However, this gives me an error saying assignment of read-only location ‘GUIManager::m_factoryRef.std::map<_Key, _Tp, _Compare, _Alloc>::operator[] [with _Key = std::basic_string<char, std::char_traits<char>, std::allocator<char> >, _Tp = GUI*(), _Compare = std::less<std::basic_string<char, std::char_traits<char>, std::allocator<char> > >, _Alloc = std::allocator<std::pair<const std::basic_string<char, std::char_traits<char>, std::allocator<char> >, GUI*()> >](((const std::basic_string<char, std::char_traits<char>, std::allocator<char> >&)(& std::basic_string<char, std::char_traits<char>, std::allocator<char> >(((const char*)"image"), ((const std::allocator<char>&)((const std::allocator<char>*)(& std::allocator<char>())))))))’|
I'm not sure why this is a read-only assignment.
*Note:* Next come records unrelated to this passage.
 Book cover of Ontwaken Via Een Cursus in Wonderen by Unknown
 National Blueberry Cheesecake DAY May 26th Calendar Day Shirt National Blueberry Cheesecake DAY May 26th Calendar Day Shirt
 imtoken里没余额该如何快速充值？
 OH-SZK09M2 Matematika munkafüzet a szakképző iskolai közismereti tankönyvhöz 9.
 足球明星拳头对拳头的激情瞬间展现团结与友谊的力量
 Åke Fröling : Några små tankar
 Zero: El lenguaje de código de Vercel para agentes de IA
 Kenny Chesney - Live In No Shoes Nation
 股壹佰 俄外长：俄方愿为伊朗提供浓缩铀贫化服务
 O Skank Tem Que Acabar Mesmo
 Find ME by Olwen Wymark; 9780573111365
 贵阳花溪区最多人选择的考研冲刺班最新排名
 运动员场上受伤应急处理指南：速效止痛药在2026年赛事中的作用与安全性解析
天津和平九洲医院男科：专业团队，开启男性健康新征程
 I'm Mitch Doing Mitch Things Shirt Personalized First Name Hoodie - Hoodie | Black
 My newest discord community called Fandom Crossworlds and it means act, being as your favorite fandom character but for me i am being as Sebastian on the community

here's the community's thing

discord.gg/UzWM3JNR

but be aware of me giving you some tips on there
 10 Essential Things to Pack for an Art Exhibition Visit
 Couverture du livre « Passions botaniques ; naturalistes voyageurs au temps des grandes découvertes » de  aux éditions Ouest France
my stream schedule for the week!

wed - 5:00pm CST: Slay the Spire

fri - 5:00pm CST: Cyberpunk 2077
I also tried changing it to a normal member just to see if maybe it had to do with it being static, but same thing.
What is the problem?
Edit: Some definitions to make things a bit more clear
// these are all private
typedef GUI* CreateGUIFunc();
template<class T>
GUI* GUIManager::CreateGUI( std::string &filepath, int x, int y ) {
return new T( filepath, x, y );
}
static std::map<std::string, CreateGUIFunc> m_factoryRef;
P.S. If there is any cleaner way to initialize a static map please let me know.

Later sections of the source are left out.